Pulled from [bm25s](https://github.com/xhluca/bm25s/blob/main/examples/evaluate_on_beir.py)

In [98]:
import beir.util
from beir.datasets.data_loader import GenericDataLoader
from beir.retrieval.evaluation import EvaluateRetrieval

import bm25s
from bm25s.utils.beir import (
    BASE_URL,
)

def postprocess_results_for_eval(results, scores, query_ids):
    """
    Given the queried results and scores output by BM25S, postprocess them
    to be compatible with BEIR evaluation functions.
    query_ids is a list of query ids in the same order as the results.
    """

    results_record = [
        {"id": qid, "hits": results[i], "scores": list(scores[i])}
        for i, qid in enumerate(query_ids)
    ]

    result_dict_for_eval = {
        res["id"]: {
            docid: float(score) for docid, score in zip(res["hits"], res["scores"])
        }
        for res in results_record
    }

    return result_dict_for_eval

def run_benchmark(dataset, save_dir="datasets"):
    #### Download dataset and unzip the dataset
    data_path = beir.util.download_and_unzip(BASE_URL.format(dataset), save_dir)
    split = "test" if dataset != "msmarco" else "dev"
    corpus, queries, qrels = GenericDataLoader(data_folder=data_path).load(split=split)

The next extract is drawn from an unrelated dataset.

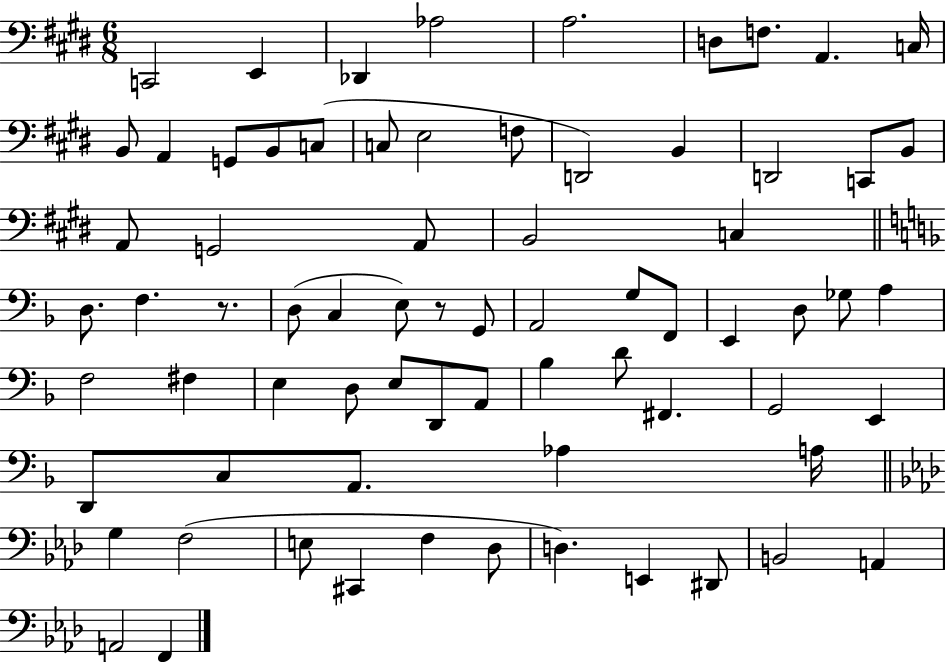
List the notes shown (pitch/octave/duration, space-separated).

C2/h E2/q Db2/q Ab3/h A3/h. D3/e F3/e. A2/q. C3/s B2/e A2/q G2/e B2/e C3/e C3/e E3/h F3/e D2/h B2/q D2/h C2/e B2/e A2/e G2/h A2/e B2/h C3/q D3/e. F3/q. R/e. D3/e C3/q E3/e R/e G2/e A2/h G3/e F2/e E2/q D3/e Gb3/e A3/q F3/h F#3/q E3/q D3/e E3/e D2/e A2/e Bb3/q D4/e F#2/q. G2/h E2/q D2/e C3/e A2/e. Ab3/q A3/s G3/q F3/h E3/e C#2/q F3/q Db3/e D3/q. E2/q D#2/e B2/h A2/q A2/h F2/q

    corpus_ids, corpus_lst = [], []
    for key, val in corpus.items():
        corpus_ids.append(key)
        corpus_lst.append(val["title"] + " " + val["text"])
    del corpus

    qids, queries_lst = [], []
    for key, val in queries.items():
        qids.append(key)
        queries_lst.append(val)
    
    corpus_tokens = bm25s.tokenize(
        corpus_lst, leave=False
    )

    del corpus_lst

    query_tokens = bm25s.tokenize(
        queries_lst, leave=False
    )

    model = bm25s.BM25(method="lucene", k1=1.2, b=0.75)
    model.index(corpus_tokens, leave_progress=False)
    
    ############## BENCHMARKING BEIR HERE ##############
    queried_results, queried_scores = model.retrieve(
        query_tokens, corpus=corpus_ids, k=10, n_threads=4
    )

    results_dict = postprocess_results_for_eval(queried_results, queried_scores, qids)
    ndcg, _map, recall, precision = EvaluateRetrieval.evaluate(
        qrels, results_dict, [1, 10]
    )

    print(ndcg)
    print(recall)
    print(precision)
    
    return ndcg, _map, recall, precision, results_dict


bm25s_ndcg, _map, bm25s_recall, bm25s_precision, bm25s_results_dict = run_benchmark("fiqa")  # Change to dataset you want

  0%|          | 0/57638 [00:00<?, ?it/s]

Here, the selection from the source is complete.